Organizations spearhead financial initiative plans to set themselves up for competitive prominence and future success. They also do so to take a hard look at internal process and correct persistent inefficiencies that could cause operating losses. All organizations, including government agencies and nonprofits, may benefit from the formulation and implementation of financial blueprints.
A financial initiative plan enables a company to reiterate to investors its willingness to trump the competition, gain market share in emerging sectors and remain economically afloat. In the blueprint, top leadership tells financiers why the company’s value proposition of “lower prices and top-quality products” is better than competitors." A typical economic outline may include everything a company intends to do to make more money, reduce or keep debts at reasonable levels, cultivate tighter and better ties with lenders, and lay out a solid foundation for long-term success. Investors and the public may read a hodgepodge of corporate reports to get a glimpse -- or a full account -- of a company’s financial initiative plan. These include financial statements, budget reports and pro forma data summaries.
In a modern economy, in which money is nerve of the competitive battle, a company must formulate a sound financial initiative plan to run a tight ship and make as much cash as commercially possible and legally permissible. Even nonprofits must adopt and implement an effective plan to ease their road to economic success and fiscal soundness. Without an adequate financial blueprint, an organization may be unable to marshal operating resources effectively and may come up short, with respect to its strategic objectives.

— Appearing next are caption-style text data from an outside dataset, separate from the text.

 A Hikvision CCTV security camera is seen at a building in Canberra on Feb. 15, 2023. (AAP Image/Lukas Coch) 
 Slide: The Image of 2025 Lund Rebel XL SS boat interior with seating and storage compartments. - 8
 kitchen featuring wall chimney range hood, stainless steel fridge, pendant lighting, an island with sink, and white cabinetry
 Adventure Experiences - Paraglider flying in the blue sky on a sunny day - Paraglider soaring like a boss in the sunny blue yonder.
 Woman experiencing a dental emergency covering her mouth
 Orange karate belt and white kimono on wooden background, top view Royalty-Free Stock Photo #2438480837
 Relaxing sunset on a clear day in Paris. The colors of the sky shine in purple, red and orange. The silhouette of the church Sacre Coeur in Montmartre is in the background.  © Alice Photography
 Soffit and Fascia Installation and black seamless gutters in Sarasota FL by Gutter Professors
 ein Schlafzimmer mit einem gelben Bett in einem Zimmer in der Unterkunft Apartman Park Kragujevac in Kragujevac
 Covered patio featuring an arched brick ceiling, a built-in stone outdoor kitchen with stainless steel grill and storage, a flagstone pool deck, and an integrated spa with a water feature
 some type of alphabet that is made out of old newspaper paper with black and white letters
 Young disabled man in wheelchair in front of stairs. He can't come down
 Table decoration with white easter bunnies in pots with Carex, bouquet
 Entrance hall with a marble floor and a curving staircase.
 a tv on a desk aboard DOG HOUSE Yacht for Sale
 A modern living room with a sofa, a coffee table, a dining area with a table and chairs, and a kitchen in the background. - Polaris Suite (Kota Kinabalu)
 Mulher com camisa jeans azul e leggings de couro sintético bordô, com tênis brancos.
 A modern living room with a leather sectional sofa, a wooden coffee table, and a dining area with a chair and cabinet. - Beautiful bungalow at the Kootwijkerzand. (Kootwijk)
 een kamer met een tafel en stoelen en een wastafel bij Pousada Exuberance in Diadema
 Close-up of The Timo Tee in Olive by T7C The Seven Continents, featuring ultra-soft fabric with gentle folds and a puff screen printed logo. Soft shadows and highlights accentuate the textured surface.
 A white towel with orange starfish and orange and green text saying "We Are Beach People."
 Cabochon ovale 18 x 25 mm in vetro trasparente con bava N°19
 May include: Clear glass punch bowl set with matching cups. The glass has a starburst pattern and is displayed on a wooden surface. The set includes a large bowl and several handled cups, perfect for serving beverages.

A company that aspires to achieve sustained financial stability must transform its operating culture and adapt the way it conducts business to the economic pinnacle it wants to reach. The choice may no longer be between staying put and becoming nimble, especially if the business evolves in a fast-changing environment. The company must make the changes necessary to execute top leadership’s strategic vision and make its financial initiative plan a success. For this to happen, the plan must focus on key areas, four of which are important -- liquidity, solvency, profitability and equity. Liquidity enables companies to have money and be able to carry out operating commitments. Solvency is a mark of financial solidity, an important criterion lenders and investors review before advancing funds and supporting corporate activities. Profitability is the perennial metric it all boils down to, and a financial initiative plan keeps profitability trend analysis at the top of the priority list. By paying attention to equity in a financial outline, a company makes sure it takes care of its shareholders and establishes adequate procedures to pay dividends on a periodic basis, such as monthly or quarterly.
Various professionals participate in the formulation, review and execution of financial initiative plans. They include financial managers, accountants, cost controllers, corporate treasurers and investment analysts.